1. Introduction
Aspect-level sentiment classification, or aspect-based sentiment analysis (ABSA), is a fine-grained sentence analysis, which recognizes the aspects mentioned in the sentence and their corresponding sentiment polarity [
1]. ABSA task consists of two subtasks, aspect category detection and sentiment polarity classification. For instance, given the sentence “The food is not cheap but quite delicious”, first the two aspects of sentiment target food are extracted: FOOD#PRICE and FOOD#TASTE. Then, the sentiment for each aspect is classified: negative for “not cheap” in FOOD#PRICE and positive for “quite delicious” in FOOD#TASTE.
ABSA task has become one of the research focuses in the sentiment analysis domain of natural language processing (NLP) [
2,
3]. Conventional machine learning methods such as Support Vector Machine (SVM) have been applied to the text classification issues [
4], and can also be used in sentiment analysis. These methods extract features in the sentence to build the model, and use these features to predict the categories of non-annotated data. There have been many achievements in the machine learning approaches [
4,
5]. However, conventional machine learning approaches have an obvious drawback that they treat the sentence as a bag of words and do not consider the sequence and the relationships between aspect terms and its corresponding opinion-indicating words, when the sentiment polarity is often determined by such sequence or relationships. Another problem is that these models depend too much on the feature engineering and require a quantity of manual preprocessing, which stops them from being more efficient or accurate.
Jiang et al. [
6] pointed out that considering target information tends to reduce errors about 40% in the sentiment classification tasks. Deep learning methods, especially recurrent neural network (RNN) [
7], consider the context when modeling the sentence, which enable them to analyze target information and its context word dependencies. Dong et al. [
8] introduced a self-adaptive recursive neural network AdaRNN. The model analyzes the sentiment structure and context information to learn the sentiment relationships between target and other words in the sentence. Nguyen et al. [
9] combined recursive neural network with dependency tree and presented PhraseRNN. The model builds a binary phrase dependency tree for features in different aspects and judges sentiment polarity of different aspects with the dependency tree. Tang et al. [
10] proposed Target-Dependent Long Short-Term Memory (TD-LSTM).
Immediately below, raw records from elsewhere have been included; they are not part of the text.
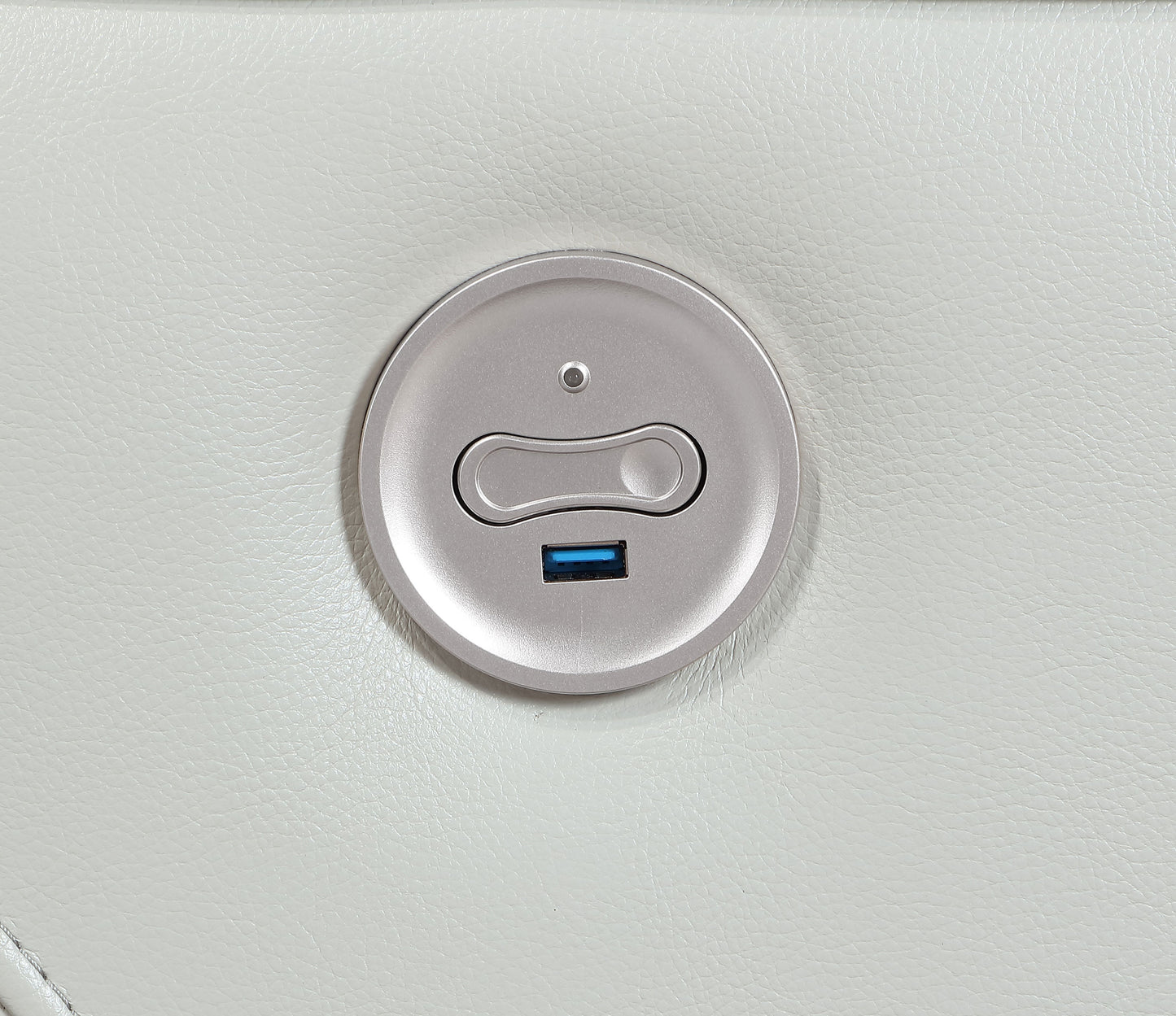 Conjunto de sofá reclinable eléctrico de 3 piezas Greenfield gris paloma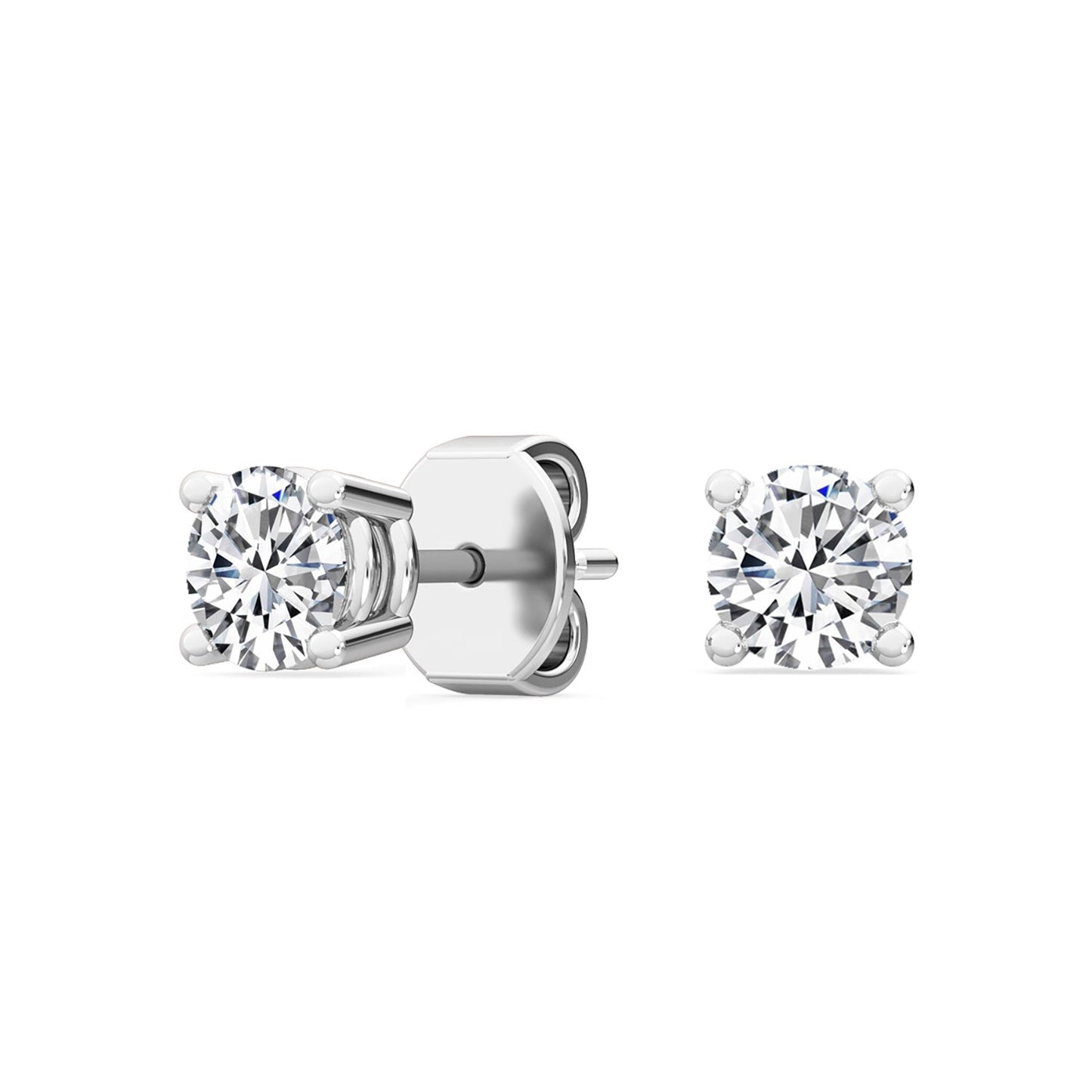 ISADORA JEWELLERY Lab Grown Diamond Stud Earrings in 14ct White Gold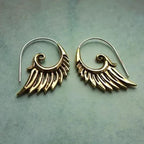 Vintage Peacock Tassel Earrings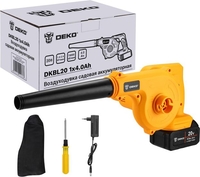 Ручная воздуходувка Deko DKBL20 063-4312 (с 1-им АКБ) - фото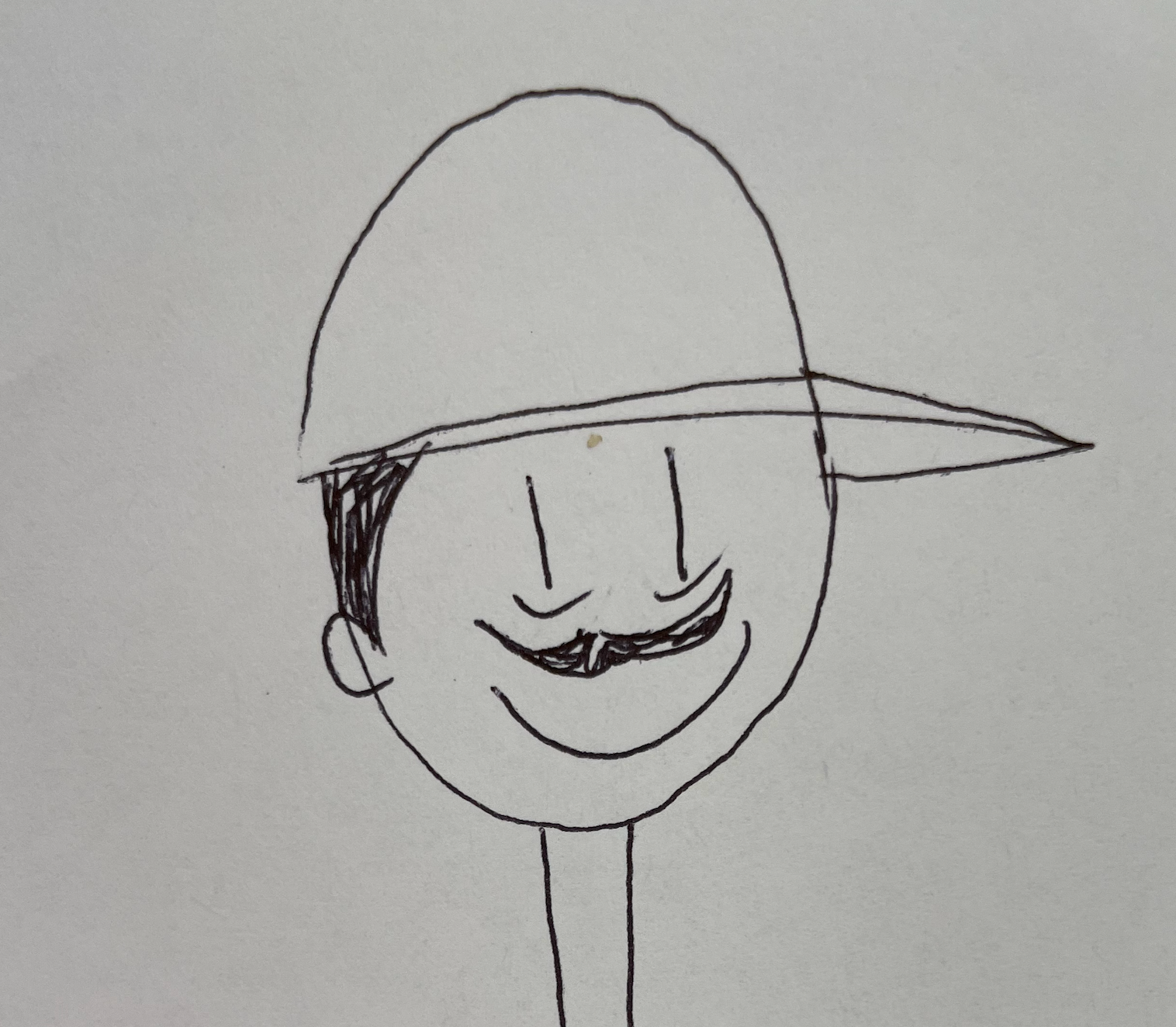 Dave has a long neck
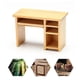 thumbnail image 2 of 1:12 Compact Computer Desk W/Keyboard Tray Kit for Bedroom Office Study Table, 2 of 5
The model uses two LSTM network, which, respectively, propagate the pre-context and back propagate the post-context, to evaluate the target in the context.
In addition to target information analysis, attention mechanism is put forward to promote the accuracy of the aspect-level sentiment analysis in recent years [
11]. The attention mechanism is an imitation of human’s behavior that, when a man is reading some text, he tends to focus on some specific words or phrases that are important for understanding the text. Attention is a vector whose length is equal to the sentence, and the value of each dimension represents the importance rank of the corresponding word. The attention vector usually element-wise multiplies the sentence representation, which allows the model to focus on the important parts of the sentence. Wang et al. [
11] proposed an attention-based LSTM network, who applies attention on the LSTM hidden layer through multiplication with aspect embedding vector. The model focuses on the aspect information and has made great progress in the ABSA tasks. Tang et al. [
12] raised an attention-based memory network which has two attentions, content-level attention and aspect position attention. The two attentions enhance the model’s ability to extract the features of targets from sentence with multi-aspect, which makes up the shortage of single attention models. Du at el. [
13] introduced a CNN-based attention model. The model uses CNN’s invariance feature to extract the attention vector, and has received better experiment results than LSTM-based attention implementations.
The above studies show that conventional NLP methods that focus on the sentence level features cannot meet the demand of aspect level sentiment classification. More specialized features, such as target of the sentence and people’s attention on the sentence, should be analyzed. The approaches mentioned above tend to use one of these features to solve the problems and have made some great progress in the aspect level sentiment analysis domain. In our opinion, the combination of target information analysis and attention mechanism can further simulate human’s activity and get better achievements in the domain. People tend to use idioms in the comments and attention mechanism can prevent the model from recognizing the target in the idioms by mistake. For instance, in the sentence “it is the service that leaves a bad taste in my mouth”, the highlighted target by the attention mechanism should be “service”. However, a non-attention model may also mark “taste” as a second target, when the idiom “leaves a bad taste in my mouth” actually means “leaves a bad impression” and does not mean the taste of the food is bad.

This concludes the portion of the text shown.